Re: "Universal Character Set"

From: Asmus Freytag (asmusf@ix.netcom.com)
Date: Sat Feb 17 2007 - 15:54:19 CST

  • Next message: Jon Hanna: "Re: "Universal Character Set""

    On 2/17/2007 9:58 AM, Don Osborn wrote:
    >
    > Does anyone currently use the term “Universal Character Set” (UCS) to
    > refer to Unicode/ISO-10646? I guess it is technically correct, but I
    > rarely see it. It seems that folks generally use “Unicode” as the
    > catch-all term, or maybe I’m missing a wider use of UCS?
    >
    I believe your observation about "Unicode" being the common label are to
    the point. A bit of research is illuminating and might explain some of
    the reasons why the term has caught on.

    There are about 33 million pages indexed on Google that can be retrieved
    by a search for "Unicode" and about 111,000 by a search for "Universal
    character set". If you subtract all pages that mention 10646 or Unicode
    or UCS that number drops to 1/10th fir the altter. If you similarly
    subtract the other terms from the search for Unicode, there's hardly a
    reduction in number.

    What that means is that "universal character set" is probably most often
    used as a descriptor, as in "Unicode is a universal character set", and
    not as a label. The common label is clearly "Unicode". That's not
    surprising, because Unicode as a label has the advantage of being
    shorter and clearly referring to a specific character set.

    In the case of UCS as a label, you run into the problem that the letters
    UCS are not unique. Google will pull up the Union of Concerned
    Scientists, UCS Inc., University College School and a number of others
    on the first screen (and also helpfully suggest that you really meant
    USC). Trading non-distinctiveness for brevity is apparently not a clear
    win - and the use of UCS (in all meanings) is barely 1/6th of the one
    for Unicode.
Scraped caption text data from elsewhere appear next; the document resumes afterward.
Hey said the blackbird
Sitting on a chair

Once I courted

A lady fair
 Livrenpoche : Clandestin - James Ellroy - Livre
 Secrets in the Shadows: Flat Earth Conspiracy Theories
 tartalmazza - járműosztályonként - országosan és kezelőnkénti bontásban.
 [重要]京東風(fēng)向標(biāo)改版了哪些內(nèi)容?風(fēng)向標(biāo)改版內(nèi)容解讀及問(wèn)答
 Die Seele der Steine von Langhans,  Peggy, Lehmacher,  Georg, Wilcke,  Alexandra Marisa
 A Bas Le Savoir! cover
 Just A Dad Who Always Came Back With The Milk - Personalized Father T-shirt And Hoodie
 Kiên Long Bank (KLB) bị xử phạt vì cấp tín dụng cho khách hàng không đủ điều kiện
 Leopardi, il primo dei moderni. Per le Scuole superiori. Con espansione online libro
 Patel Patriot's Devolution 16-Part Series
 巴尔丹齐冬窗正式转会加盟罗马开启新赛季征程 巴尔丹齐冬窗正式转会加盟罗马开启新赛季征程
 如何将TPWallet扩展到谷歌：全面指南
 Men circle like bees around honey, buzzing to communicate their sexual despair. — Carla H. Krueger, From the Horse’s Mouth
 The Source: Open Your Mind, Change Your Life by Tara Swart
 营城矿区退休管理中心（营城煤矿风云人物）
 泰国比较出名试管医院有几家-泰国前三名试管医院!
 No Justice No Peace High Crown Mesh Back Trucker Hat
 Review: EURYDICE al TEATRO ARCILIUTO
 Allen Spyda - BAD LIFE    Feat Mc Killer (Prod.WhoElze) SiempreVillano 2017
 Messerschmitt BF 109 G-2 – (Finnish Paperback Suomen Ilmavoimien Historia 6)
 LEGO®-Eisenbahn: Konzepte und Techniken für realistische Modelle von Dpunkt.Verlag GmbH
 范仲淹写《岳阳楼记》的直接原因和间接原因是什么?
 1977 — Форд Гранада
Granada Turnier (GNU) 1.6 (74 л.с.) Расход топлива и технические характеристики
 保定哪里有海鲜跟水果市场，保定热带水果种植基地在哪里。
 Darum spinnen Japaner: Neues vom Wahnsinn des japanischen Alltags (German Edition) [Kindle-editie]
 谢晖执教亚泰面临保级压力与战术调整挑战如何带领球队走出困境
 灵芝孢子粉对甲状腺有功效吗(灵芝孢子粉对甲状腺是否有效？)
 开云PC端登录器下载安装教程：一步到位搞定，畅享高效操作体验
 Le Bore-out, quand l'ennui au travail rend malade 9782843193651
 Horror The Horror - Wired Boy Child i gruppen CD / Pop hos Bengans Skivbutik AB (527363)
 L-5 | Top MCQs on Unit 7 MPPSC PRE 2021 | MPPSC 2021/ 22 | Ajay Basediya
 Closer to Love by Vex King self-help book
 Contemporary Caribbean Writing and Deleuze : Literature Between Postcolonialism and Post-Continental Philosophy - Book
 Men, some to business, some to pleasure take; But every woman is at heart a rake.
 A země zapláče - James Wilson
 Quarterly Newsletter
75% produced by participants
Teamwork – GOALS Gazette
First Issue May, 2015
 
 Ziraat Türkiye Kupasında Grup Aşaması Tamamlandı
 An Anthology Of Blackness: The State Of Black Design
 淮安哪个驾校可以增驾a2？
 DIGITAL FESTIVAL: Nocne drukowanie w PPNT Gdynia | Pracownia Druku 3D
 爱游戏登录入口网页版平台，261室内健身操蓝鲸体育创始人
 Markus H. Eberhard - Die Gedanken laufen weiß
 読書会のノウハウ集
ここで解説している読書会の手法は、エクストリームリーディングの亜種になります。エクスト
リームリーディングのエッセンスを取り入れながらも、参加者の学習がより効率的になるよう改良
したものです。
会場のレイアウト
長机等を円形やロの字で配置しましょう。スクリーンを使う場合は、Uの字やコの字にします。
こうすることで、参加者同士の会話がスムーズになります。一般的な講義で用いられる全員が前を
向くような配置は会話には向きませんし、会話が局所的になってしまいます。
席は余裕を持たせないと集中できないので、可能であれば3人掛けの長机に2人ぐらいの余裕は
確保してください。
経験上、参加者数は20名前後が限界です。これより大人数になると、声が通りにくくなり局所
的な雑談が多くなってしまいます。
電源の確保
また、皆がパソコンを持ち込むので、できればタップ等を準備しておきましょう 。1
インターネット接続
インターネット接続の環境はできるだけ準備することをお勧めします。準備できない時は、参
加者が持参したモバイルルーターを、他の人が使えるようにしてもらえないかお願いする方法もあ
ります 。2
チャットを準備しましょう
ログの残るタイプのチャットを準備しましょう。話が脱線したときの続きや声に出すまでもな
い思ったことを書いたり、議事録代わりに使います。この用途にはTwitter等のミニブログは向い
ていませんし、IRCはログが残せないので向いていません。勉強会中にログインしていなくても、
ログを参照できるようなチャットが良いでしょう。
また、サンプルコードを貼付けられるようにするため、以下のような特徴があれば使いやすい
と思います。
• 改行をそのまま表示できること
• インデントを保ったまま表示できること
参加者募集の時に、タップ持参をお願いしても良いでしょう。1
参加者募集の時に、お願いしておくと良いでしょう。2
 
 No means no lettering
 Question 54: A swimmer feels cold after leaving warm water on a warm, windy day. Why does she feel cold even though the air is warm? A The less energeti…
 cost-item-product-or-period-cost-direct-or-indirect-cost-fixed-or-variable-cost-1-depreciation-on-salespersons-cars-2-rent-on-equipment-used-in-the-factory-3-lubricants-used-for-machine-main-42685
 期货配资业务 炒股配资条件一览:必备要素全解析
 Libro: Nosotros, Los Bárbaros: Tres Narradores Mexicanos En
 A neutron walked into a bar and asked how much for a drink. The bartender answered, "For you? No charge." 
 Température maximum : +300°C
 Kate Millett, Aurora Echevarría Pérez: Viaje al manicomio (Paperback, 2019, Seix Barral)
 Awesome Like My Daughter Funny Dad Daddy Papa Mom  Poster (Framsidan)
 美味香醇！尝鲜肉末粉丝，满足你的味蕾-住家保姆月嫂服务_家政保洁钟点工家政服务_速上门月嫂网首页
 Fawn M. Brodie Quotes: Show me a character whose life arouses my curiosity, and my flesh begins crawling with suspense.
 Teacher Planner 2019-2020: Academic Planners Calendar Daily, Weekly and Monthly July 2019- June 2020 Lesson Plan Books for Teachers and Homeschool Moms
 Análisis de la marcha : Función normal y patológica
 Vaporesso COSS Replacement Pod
If you search for UCS together with 10646 or Unicode to
    sift out when UCS might have been used in the context of character sets,
    you find only about 800K inks, which only emphasizes the issue with the
    multiple meanings of UCS.

    10646 by itself gives about 4.5 million hits, of which fully 1/3 don't
    mention ISO, but are in reference to part numbers or are otherwise false
    positives--based on that you can conclude that 10646 is used as a
    designator of the character set about 1/10th as often as Unicode.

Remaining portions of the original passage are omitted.